Why Batman is Noir (Laurie Dix)
Batman comics have undergone many, many different styles and stories, from the original 1940’s comic strips, to the 1970’s ‘Adam West’ TV series, a number of darker graphic novels (Frank Miller’s ‘Year One’, Alan Moore’s ‘The Killing Joke’, etc.) a number of Animated series, computer games and films.
The basic elements always apply: Batman is the superhero guise of orphaned multi-millionaire Bruce Wayne, who supports James Gordon in the Gotham City Police Department and whose enemies include a number of colourful characters including the Joker, the Penguin, Poison Ivy and Catwoman amongst several others.
How ‘Batman’ can be considered ‘Noir’:
(see reference: Raymond Durgnat’s ‘Paint it Black’ for the list of ‘Tropes’ I will be comparing to)
- Being created in the 1940’s by Bob Kane, this was around the same time that the ‘Noir’ style really became identified. As mentioned in earlier blog posts (Notes on Film Noir and Film Noir Tropes) America was undergoing the depression, and so the mood of the films and stories at the time often reflected this, being downbeat and focusing on ‘Real Characters’, and occasionally needed some hope. This is what Batman represented: hope in a world where there was none.
- Noir stories are often associated with Detective Fiction or ‘Hardboiled’ fiction, which is precisely what Batman is. Batman is often referred to as ‘The World’s Greatest Detective’, and there is often call for ‘Captions’ in comics, which have a tendency to relay as internal monologue, something Noir is famous for (see Raymond Chandler and his character Philip Marlowe).
- Noir tends to take place in dark alleyways, places where there is little light but a lot of shadow, which adds to the overall aesthetic. Gotham City is a world where every street is a place with the potential to be a crime scene. Indeed, the Bat Signal only works in a world where the sky is always cloudy, and the world is always dark. Gotham City represents a world where everything is enshrouded in darkness all the time.
- The protagonist is a maverick, who goes by his own rules. Although he does everything in the spirit of upholding the law, he is not afraid to break the rules in order to maintain justice.

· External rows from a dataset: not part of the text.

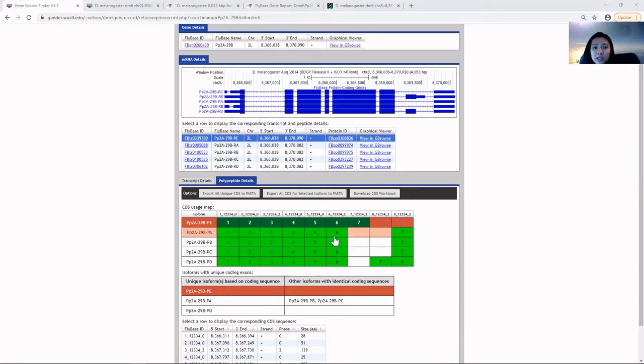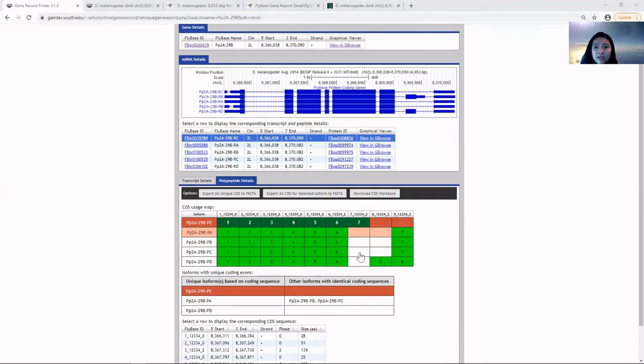The difference between these isoforms lies within the last terminal exons in terms of protein sequence, indicated by the polypeptide details tab.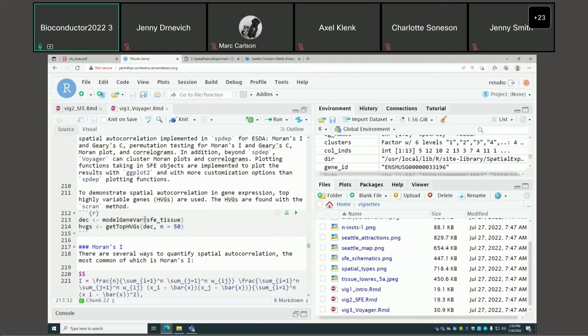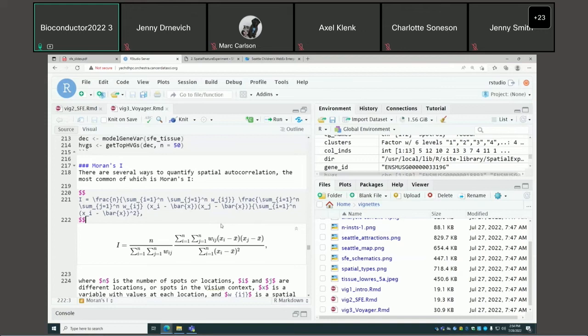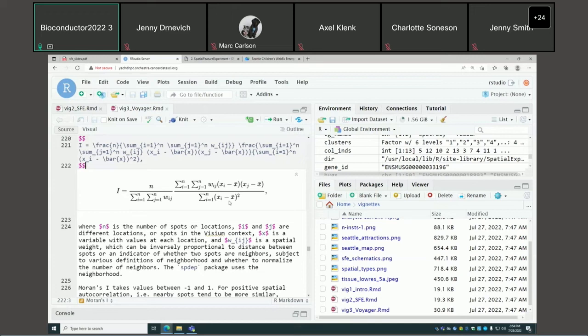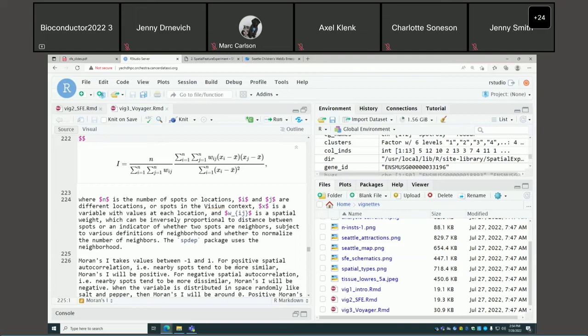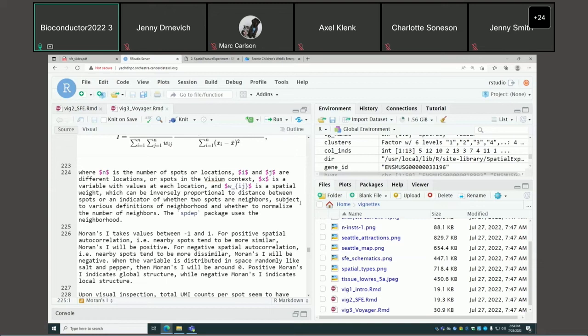To demonstrate the analysis on gene expression, we use a small number of top highly variable genes. Moran's I is the most commonly used spatial autocorrelation metric. Mathematically, it looks like a Pearson correlation between the value at each spot and their neighbors on the spatial neighborhood graph. Like Pearson correlation, it takes values between -1 and 1. Positive spatial autocorrelation means nearby spots are more similar, above zero and positive.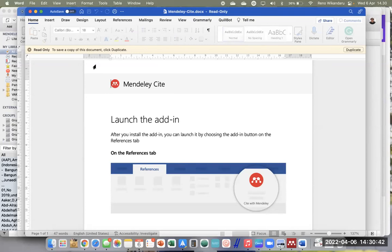Ada peserta yang mendapatkan pesan 'Some file contain virus' ketika masuk ke Word sehingga tidak bisa masuk ke Word-nya terus. Ini adalah problem khusus di Microsoft Word-nya. Nanti saya pandu secara khusus ya Bu Luna.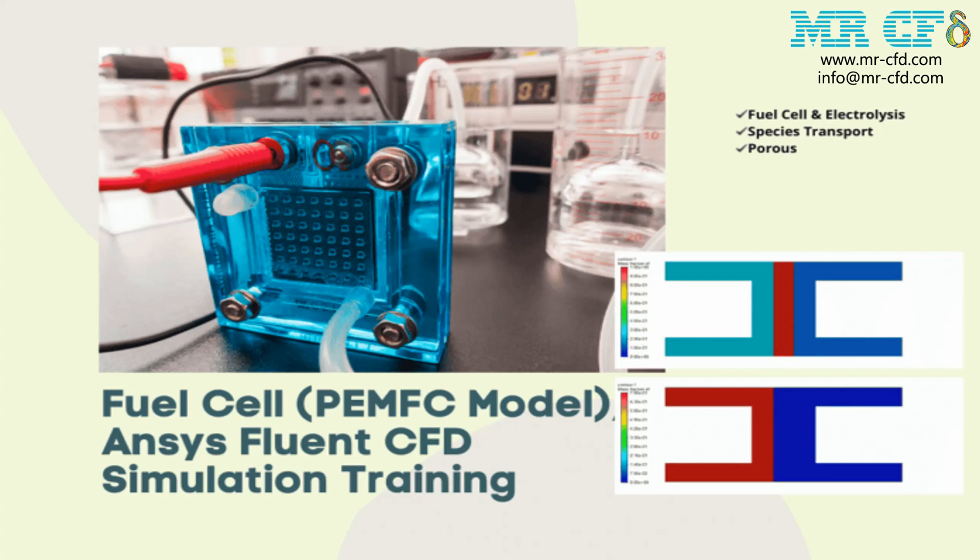This project, which has been done by CFD Numerical Simulation Method with the help of ANSYS Fluent software, simulates a fuel cell. Fuel cells generate electricity through a chemical reaction and are less polluting than other power generation methods.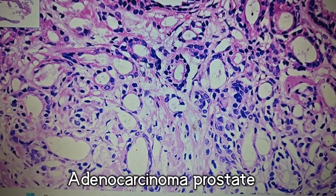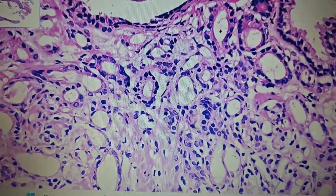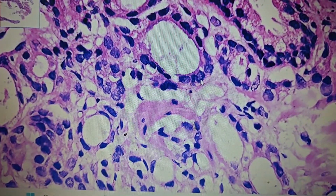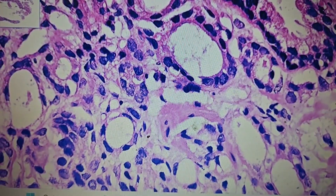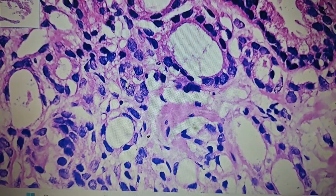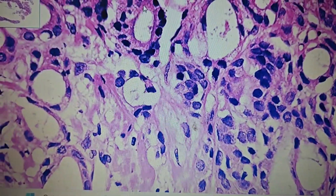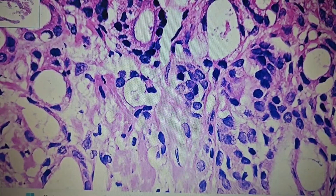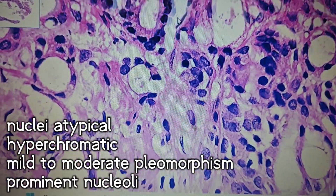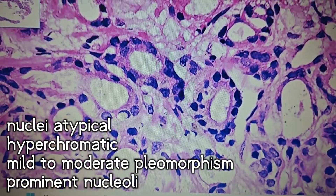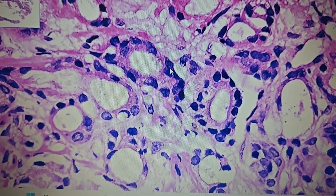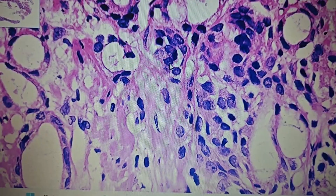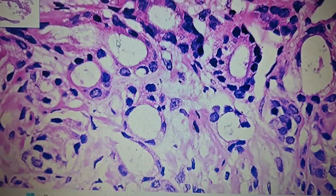Importantly, these glands are lined by a single-layered epithelium — the outer basal layer is lost. This is the characteristic feature of a malignant gland of the prostate. At higher power, you can see this is a gland with a single-layered epithelial lining and the surrounding stroma. The nuclei of these glands show hyperchomatism and mild to moderate pleomorphism, and at some points you can see prominent nucleoli in these cells.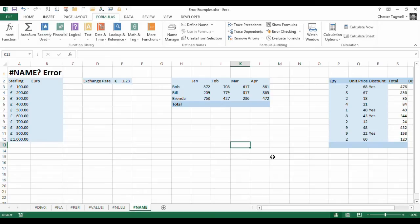Hi, it's Chester Tugger from Blue Pecan Computer Training. In this video we're looking at the name error in Excel. We've got a number of scenarios where you might come across it. I need to introduce to you a concept of naming cells if you've not come across it before, because this is where the error might turn up.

- The Femme Fatale: This could be a number of people, although most commonly Batman is paired with Selena Kyle (Catwoman) who is a thief. Although not a true femme fatale, the relationship between Batman and Catwoman is a complicated one which could be compared to some of the relationships between the lead Male and Female in several of the Noir films.
- Gangsters are among some of Gotham City’s villains, mostly the Falcone family and the Maroni family. One of the common themes of Noir stories is the Gangster element.
- ‘Portraits and Doubles’/The Figure in the Mist; a common theme in Noir, which revolves around dopplegangers and switches. In the Batman universe, there are a few villains whose stories mirror that of Bruce Wayne’s (rich family, orphaned, inherited millions) but that stray where Bruce chose a life of justice and truth, they perhaps followed a different path. The character ‘Hush’ has a story which revolves around him trying to give himself Bruce Wayne’s face in order to make it appear as if Bruce was committing certain crimes, allowing him to walk away free.
- Sexual Pathology: the relationships between many characters could be drawn against this trope: Joker and Harley Quinn have a variation on The Florence Nightingale effect, wherein Dr. Harleen Quinzel was mesmerised by her patient, The Joker, to the extent that she freed him from Arkham Asylum and became his sidekick. Batman and Catwoman, as mentioned before, have an interesting relationship which could fit here, and it may also be noted that Catwoman’s primary weapon is a whip, which may relate to the idea of the exploration of Sadism in Noir. In terms of homosexuality there have been many theories about the relationship between Bruce Wayne and Dick Grayson (Batman and the original Robin). All of these themes link back to Noir.
- Psychopaths: See every Batman villain, and even Batman himself.
In short, every trope identified with Noir can be read in the Batman series, and although it will change depending one whose version you are reading, there can be a number of comparisons drawn.
Although Marvel did their own series of ‘Noir’ comics, taking characters who already existed and turning their stories into the ‘Noir’ style, I believe Batman to be, at heart, a noir, and whereas it is occasionally masked, all the elements are there, and it has been obvious to several artists, writers and directors that this is at the heart of Batman.